The material beneath this line should be printed exactly, with its pictures omitted.

* _THE DATA_:
################

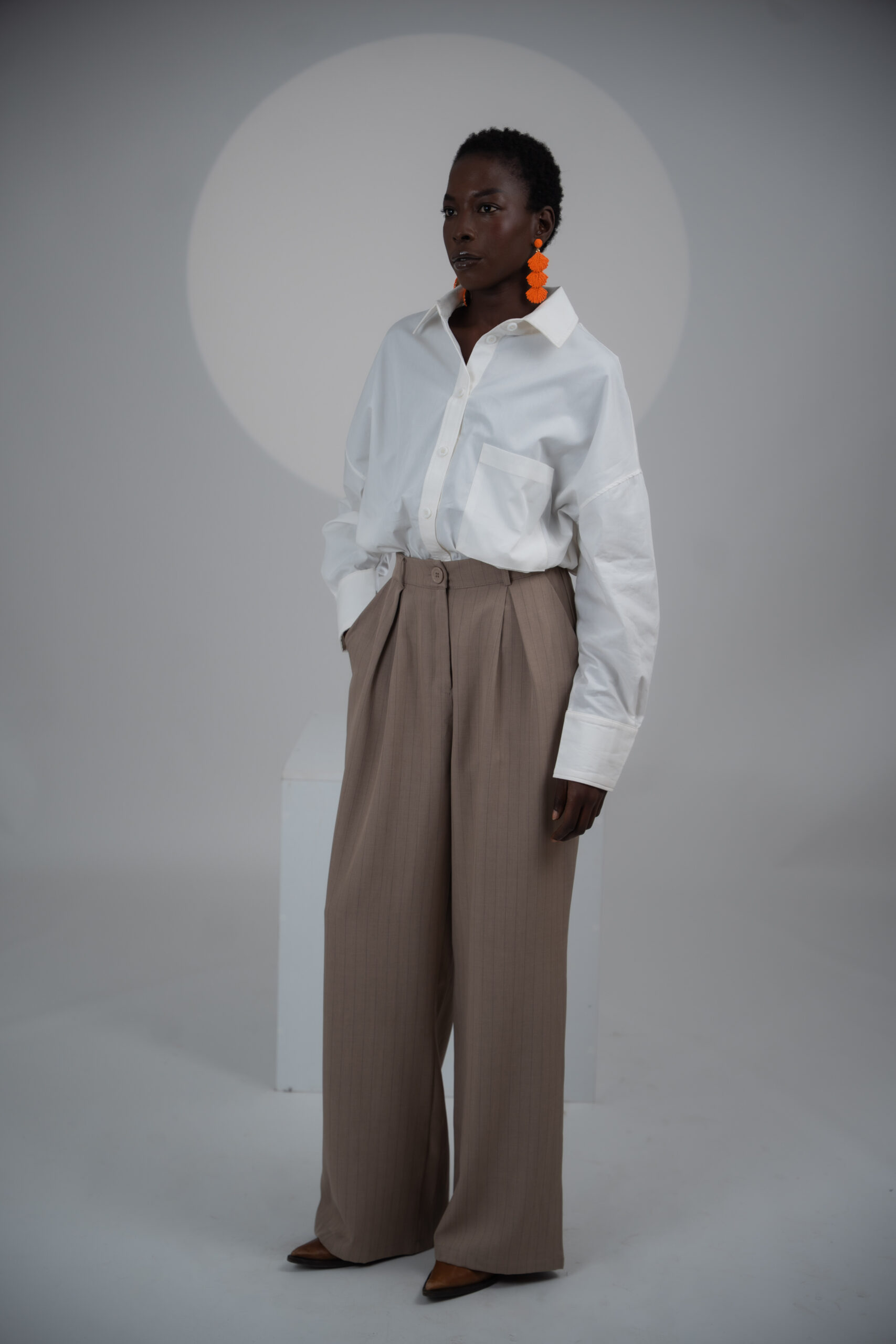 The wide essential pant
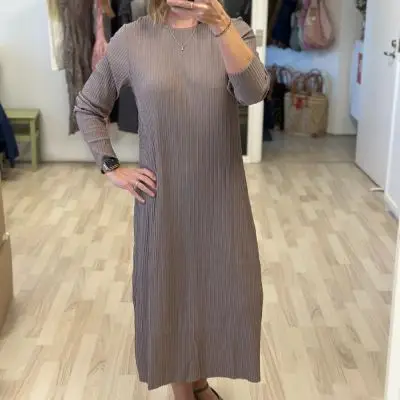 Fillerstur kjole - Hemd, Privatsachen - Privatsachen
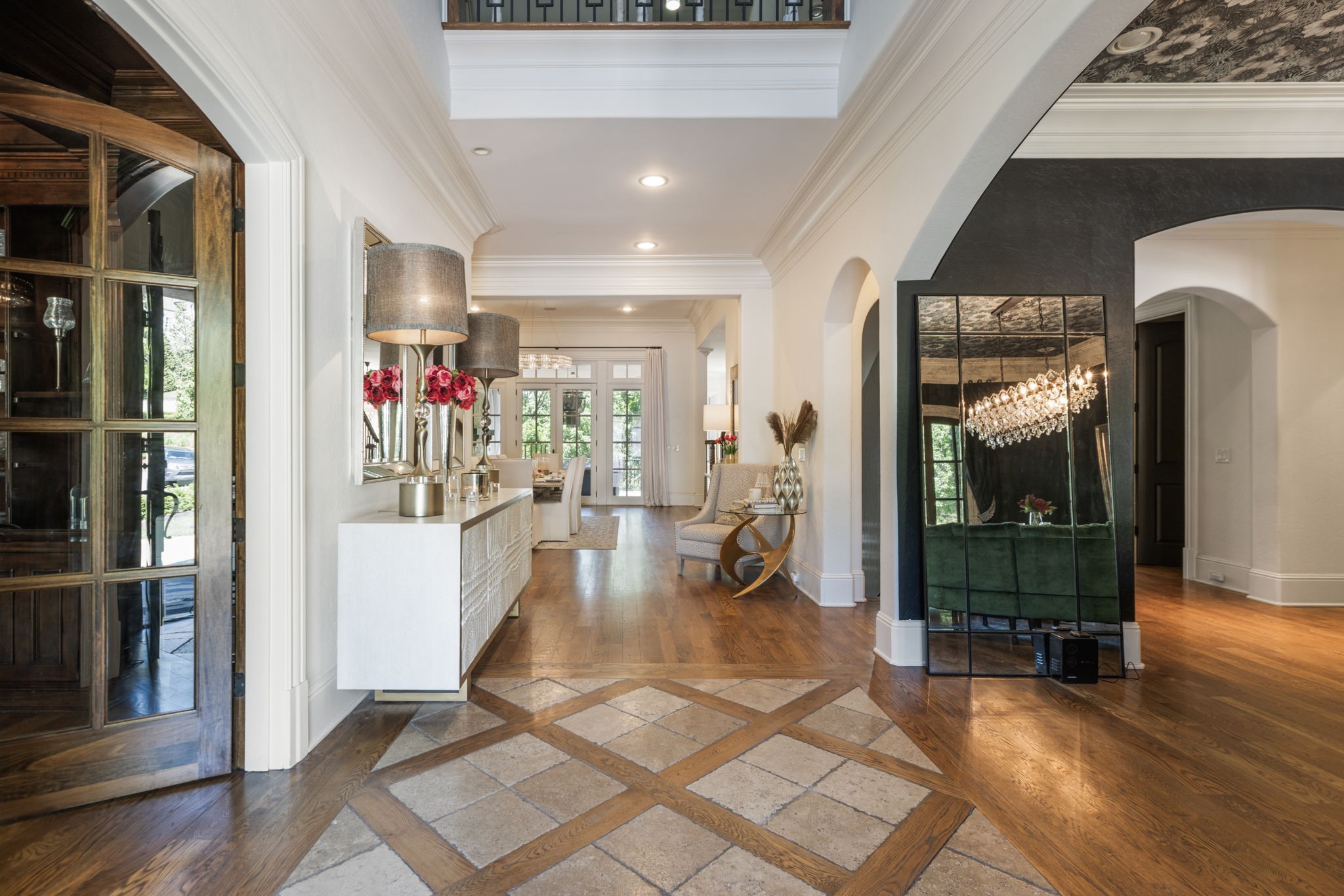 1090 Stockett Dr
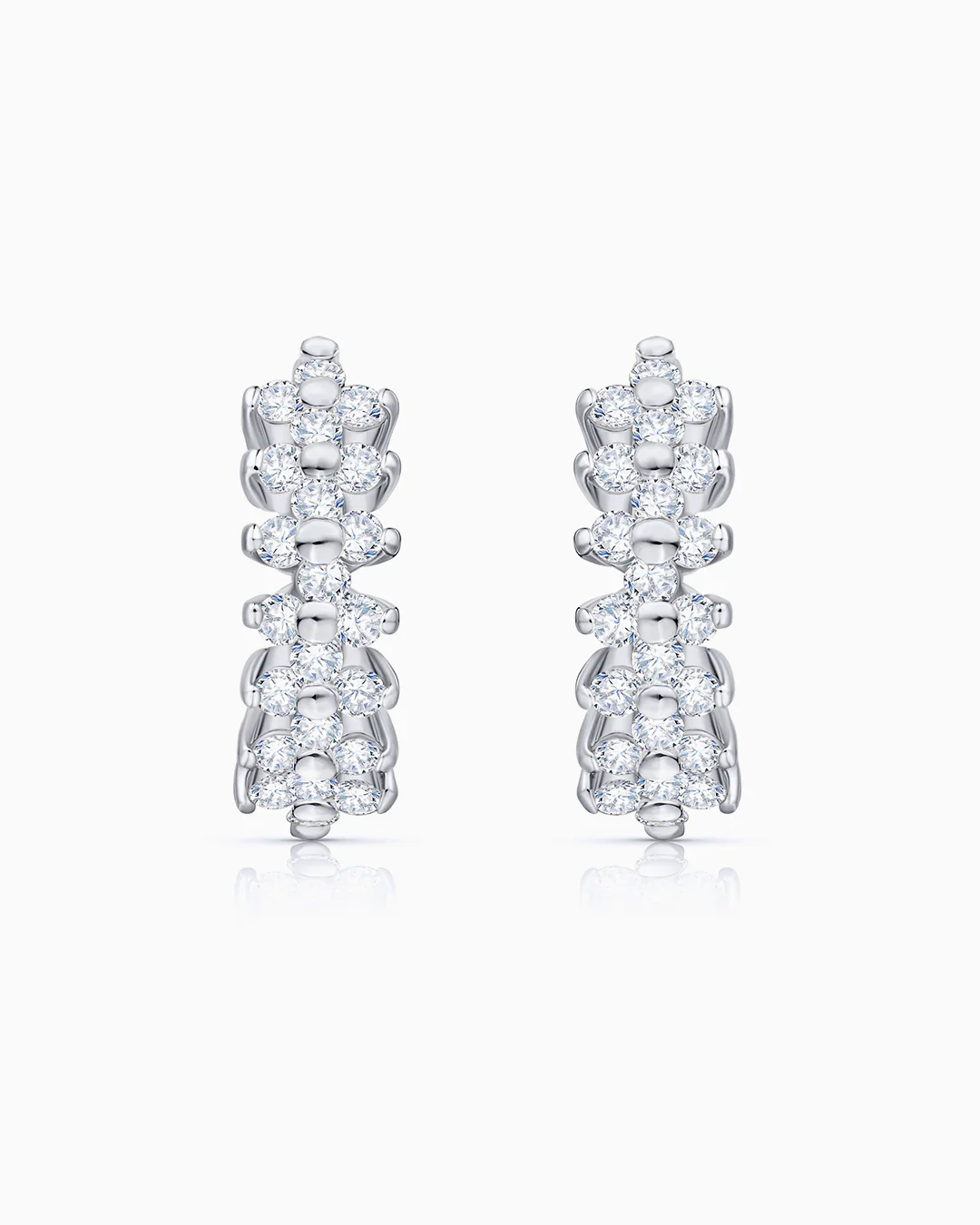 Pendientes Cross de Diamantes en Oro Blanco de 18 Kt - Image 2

################

* _RESPONSE TO THE EXERCISE_:
 The wide essential pant
 Fillerstur kjole - Hemd, Privatsachen - Privatsachen
 1090 Stockett Dr
 Pendientes Cross de Diamantes en Oro Blanco de 18 Kt - Image 2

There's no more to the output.